Groer nel 1995 venne accusato di molestie sessuali da un suo ex studente. Di lì a poco diversi altri ex studenti denunciarono di aver subito simili violenze e il presule fu costretto a dimettersi da arcivescovo di Vienna e venne trasferito al monastero di Roggendorf, dove restò fino al 1998 sostanzialmente impunito.
A dimostrazione che l’obiettivo dello svolazzare dei corvi sia il pontefice e la sua azione di purificazione della Chiesa va ricordato che alcuni cardinali di Curia si sono rifiutati di testimoniare al processo di beatificazione di Giovanni Paolo II. Sarebbero gli stessi che fermarono le indagini della Congregazione per la Dottrina della Fede sui casi Maciel e Groer. Qualcosa di molto ingombrante che, se fosse venuta fuori nel processo, sarebbe stato un boomerang.
Non solo, ma l’unico cardinale che ha restituito al mittente le generose offerte in denaro arrivate dai Legionari è stato proprio Ratzinger mentre un nunzio apostolico, oggi cardinale, fece lo stesso rimandando al mittente il dono di una vettura nuova già immatricolata a suo nome.

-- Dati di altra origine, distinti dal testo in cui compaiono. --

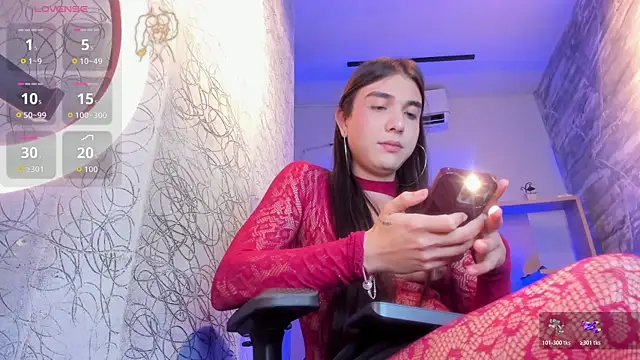 saracaball_'s Webcam Show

Molti, infine, che hanno ostacolato le indagini su Maciel e Groer hanno anche ingannato Giovanni Paolo II fino a convincerlo della loro innocenza. Il Papa polacco si fidava dei Legionari al punto che indirizzò alla loro Congregazione il figlio di un suo collaboratore che voleva diventare prete. E, se avesse conosciuto tutta la verità, probabilmente non avrebbe consentito alla sospensione “a divinis” di una vittima di Groer che dopo anni trovò il coraggio di denunciare gli abusi.

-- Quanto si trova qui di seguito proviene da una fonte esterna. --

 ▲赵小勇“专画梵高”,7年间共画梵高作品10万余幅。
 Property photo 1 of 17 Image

È evidente, quindi, che Ratzinger, già da cardinale, su questi due casi ha pestato i piedi a molti in Vaticano proseguendo con la sua opera anche quando è diventato papa. Sta qui anche la spiegazione di quello svolazzare di corvi che, tra scandali e documenti trafugati, vuole, ieri come oggi, ostacolare Benedetto XVI e indebolirne la figura.